The original idea of UnpackedUndoRecord was this: you would put a
bunch of data into an UnpackedUndoRecord that you wanted written to
undo, and the undo system would find ways to compress stuff out of the
on-disk representation by e.g. omitting the fork number if it's
MAIN_FORKNUM. Then, when you read an undo record, it would decompress
so that you ended up with the same UnpackedUndoRecord that you had at
the beginning. However, the inclusion of transaction headers has made
this a bit confusing: that stuff isn't being added by the user but by
the undo system itself. It's not very clear from the comments what the
contract is around these things: do you need to set uur_dbid to
MyDatabaseId when preparing to insert an undo record? Or can you just
leave it unset and then it'll possibly be set at decoding time? The
comments for the UnpackedUndoRecord structure don't explain this.

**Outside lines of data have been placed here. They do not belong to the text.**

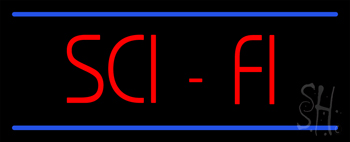 Sci Fi Neon Sign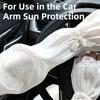 Breathable Sun Protection Sleeves Elegant Solid Color UV Protection Sleeves Elastic Long Sleeves Arm Sun Sleeves Summer Wear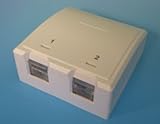 日本製線　cat5eモジュラーローゼットボックス 2ポート NSBOX2 ※10個入り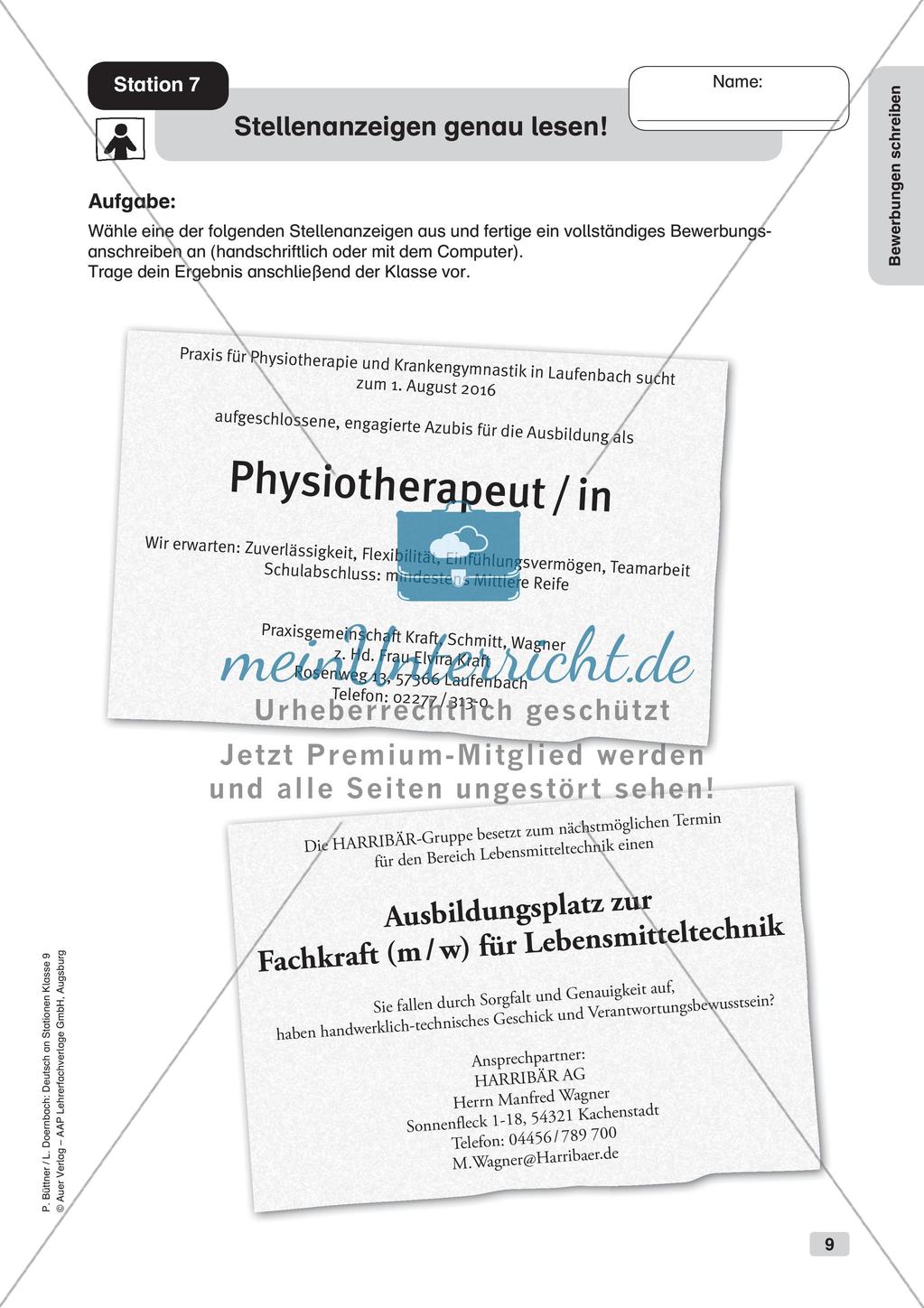 Bewerbungsvorbereitung Preview 11
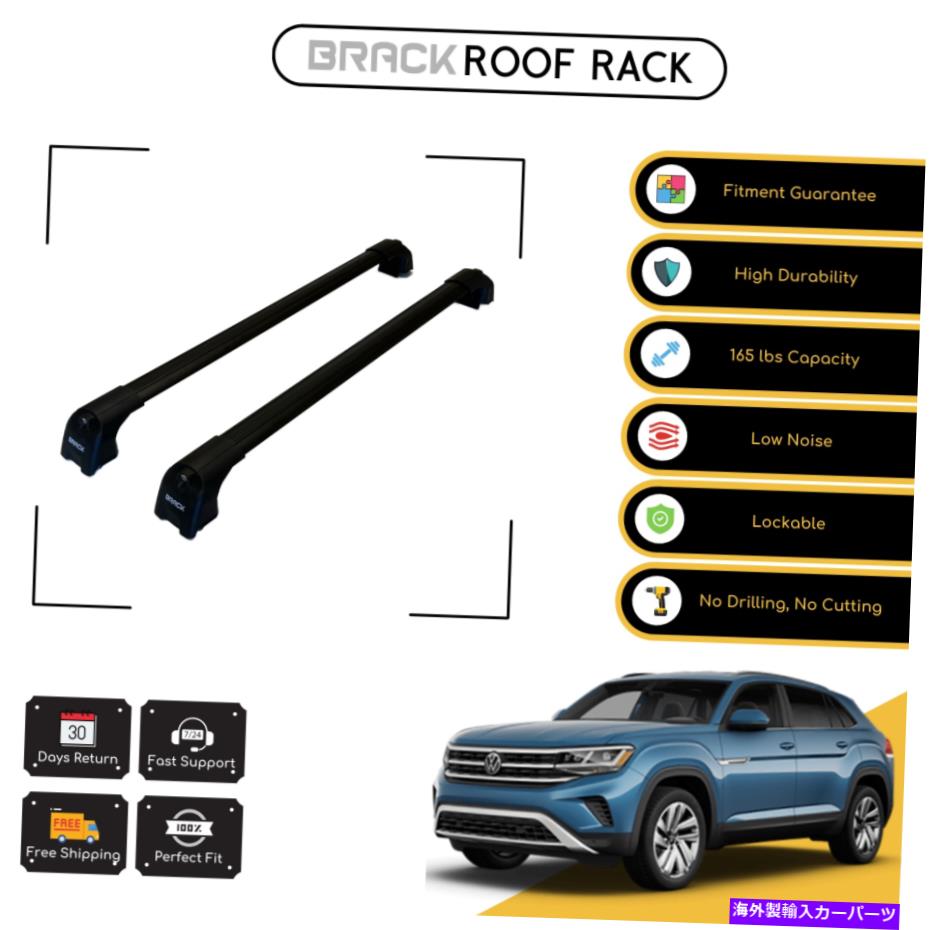 ルーフキャリア フォルクスワーゲンアトラスクロススポーツ2020のブラックルーフラック荷物キャリア - ブラックアップ BRACK Roof Rack Luggage Carrier For Volkswagen Atlas Cross Sport 2020 - Up Black【並行輸入品】 54,648円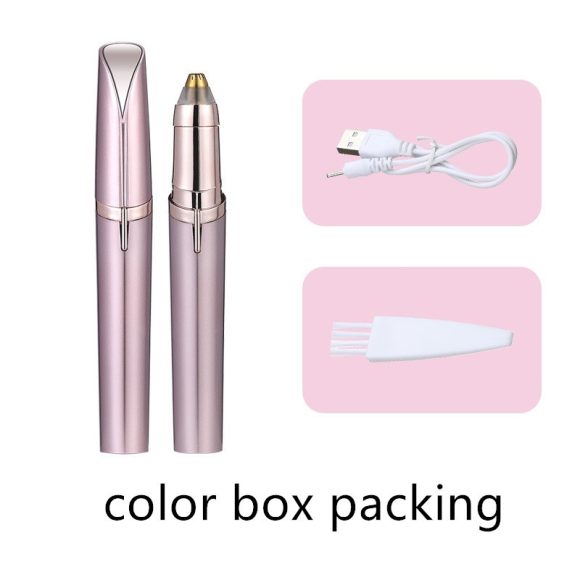 Eyebrow Epilator Maquiagem Profissional Completa Trymer Do Brwi Eye Brow Trimmer For Rasoir Visage Femme Make Up Eye Brow Shaper - Image 6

I'd really like to see this draw a cleaner distinction between the
stuff that the user is expected to set and the other stuff we deal
with internally to the undo subsystem. For example, suppose that
UnpackedUndoRecord didn't include any of the fields that are only
present in the transaction header. Maybe there's another structure,
like UndoTransactionHeader, that includes those fields. The client of
the undo subsystem creates a bunch of UnpackedUndoRecords and inserts
them. At undo time, the callback gets back an identical set of
UnpackedUndoRecords. And maybe it also gets a pointer to the
UndoTransactionHeader which contains all of the system-generated
stuff. Under this scheme, uur_xid, uur_xidepoch (which still need to
be combined into uur_fxid), uur_progress, uur_dbid, uur_next,
uur_prevlogstart, and uur_prevurp would all move out of the
UnpackedUndoRecord and into the UndoTransactionHeader. The user would
supply none of those things when inserting undo records, but the
rm_undo callback could examine those values if it wished.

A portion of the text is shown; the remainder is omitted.